The biggest struggle I have in mapping the recovery data is trying to isolate the direct impact that the federal investment has had.

Q. Do you have any disappointments with what you’ve done so far?

A. I’ve been surprised that there hasn’t been more public engagement. Every place on our map, we have a way that a user can directly communicate with us. I was looking forward to that public engagement as part of the transparency. But we’re not getting the response we were expecting. That’s an area in which we can really strengthen our program.

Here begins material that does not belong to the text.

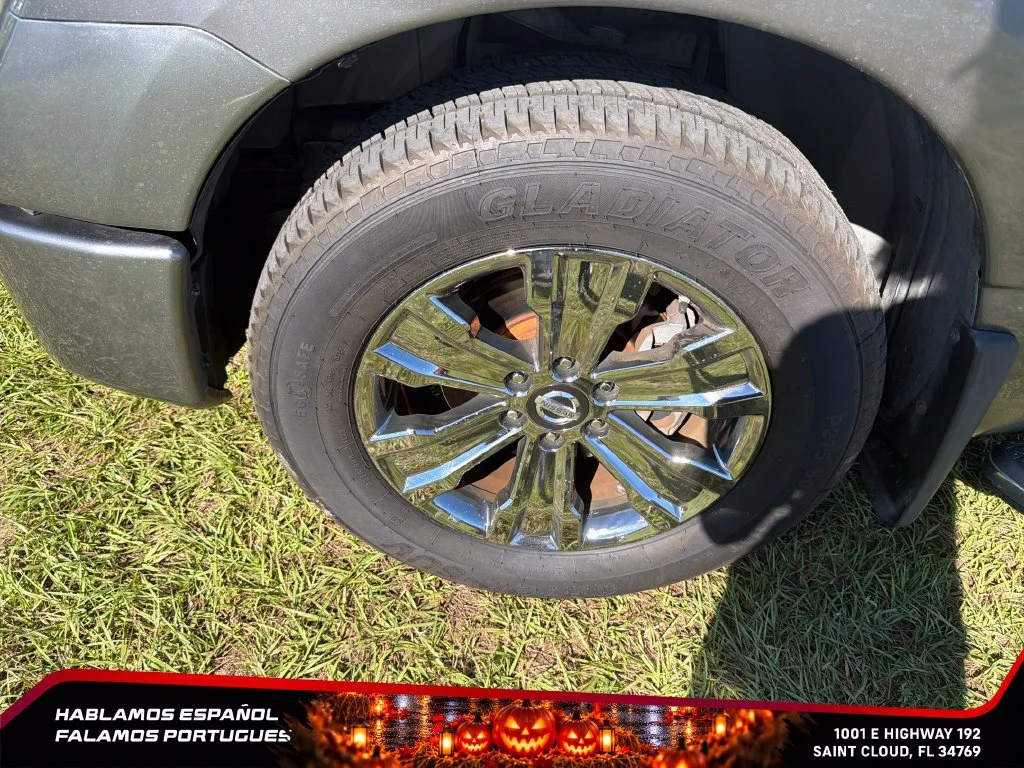 Used 2017  Nissan SV image 10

Starting off on the right foot. . .

March 15, 2010

In recent months, as we’ve talked with evaluation professionals in the states and local governments, we have worried a bit that they weren’t more involved in the early days after the Recovery Act went into action. An old friend, John Turcotte, who is director of the program evaluation division for the North Carolina General Assembly, wasn’t complaining – but he did point out that he hasn’t been asked, thus far, to evaluate any of the aspects of the Recovery Act. A little north, in Virginia, David Von Moll, who is the state comptroller, told us that “We haven’t specifically related ARRA activity to our performance management process. That’s a goal of what we might want to do at some point.”

It certainly seems like a worthwhile goal. Of course, there’s no shortage of data associated with the Recovery Act, and the reporting requirements are keeping local officials just about as busy as a florist on Mothers Day.  The funds are scrutinized, of course,  by leagues of individuals who are focused on accountability. But  attention to program results is significantly less pronounced. Perhaps the emphasis – and public dialogue – would already have shifted in that direction had there been more early involvement from the performance auditors, legislative evaluators, and performance budgeters  who spend their lives dealing with measuring the impact of programs.

“I felt that the goals of the stimulus office were the same as the performance improvement office, but they were clearly two distinct operations,” says Sharon Daboin, the former Deputy Secretary for Performance Improvement with the Budget Office in Pennsylvania. “I tried to share the tools that were being used to track objectives and accomplishments within each program office, but a key person in the stimulus office said ‘Your focus and mine are completely different.'”

There are some states, like Maryland, in which the stimulus reporting is directly connected with the performance reporting generally. But, that appears to be more the exception than the rule.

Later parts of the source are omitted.